Prepare phase done. the VM is ready to use.
NiciraNVP is a more complete solution than Ovs. It has a Nicira NVP Controller to create and manage logical switches, although at that time NiciraNVP doesn't support too many networking services. Like other networking solutions, it also has three main components: Network Guru, Network Element and Network Manager.
NiciraNVP Guest Network also uses OpenvSwitch to manage L2 networking services.
I will talk about the flow sequence, each step will have the corresponding design.
For using Nicira network, user has to create Physical Network with STT isolation method. Then create a new network offering with services. User has to declare the NVP controller. When creating guest network, it sends a design call to Guru. At the beginning, Nicira Guru checks the NVP Controller. If it doesn't exist, exception is thrown and the design process is terminated. Nicira NVP has to make sure there is at least one active controller. After this checking, the Guru creates a Network data object with some default initial params.
One notice at this step is the Guru override the broadcast domain type to Lswitch
// Override the broadcast domain type networkObject.setBroadcastDomainType(BroadcastDomainType.Lswitch);
At this step, the Guru creates a logical switch inside the NVP Controller.

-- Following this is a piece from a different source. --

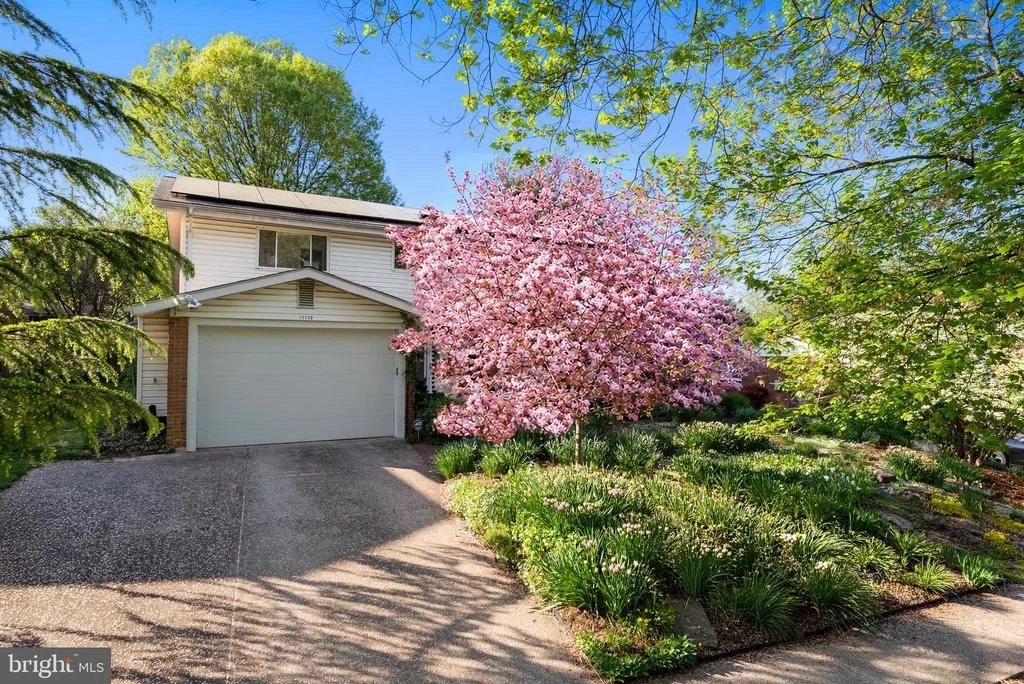 Photo of 11112 NICHOLAS DRIVE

Nicira tags a name representing the account name, which executes this implement, for each logical switch.
// Tags set to scope cs_account and account name List<NiciraNvpTag> tags = new ArrayList<NiciraNvpTag>(); tags.add(new NiciraNvpTag("cs_account",cmd.getOwnerName())); logicalSwitch.setTags(tags);
Creating logical switch command is executed via HTTP POST method, using the uri = "/ws.v1/lswitch".
public LogicalSwitch createLogicalSwitch(LogicalSwitch logicalSwitch) throws NiciraNvpApiException { String uri = "/ws.v1/lswitch"; LogicalSwitch createdLogicalSwitch = executeCreateObject(logicalSwitch, new TypeToken<LogicalSwitch>(){}.getType(), uri, Collections.<String,String>emptyMap()); return createdLogicalSwitch; }
This phase also implements network services and applies rules. NiciraNVP creates a logical router at this time, tags it with a name representing the account name. It's also a HTTP POST request with uri = "/ws.v1/lrouter". There are some magical things in this method that I haven't read carefully yet. They completely implemented routing services with their own router in com.cloud.network.nicira. I'll read it soon and ask my mentor about some specific details. <incompleted>
when the VM is started in the network all elements are asked for preparing the NIC. NVP Element receives a prepare() call with the NIC detail. Creating logical switch port command is executed via HTTP POST request with uri = "/ws.v1/lswitch/" + logicalSwitchUuid + "/lport". The port also has a tag correlated the account name.
Prepare phase done. the VM is ready to use.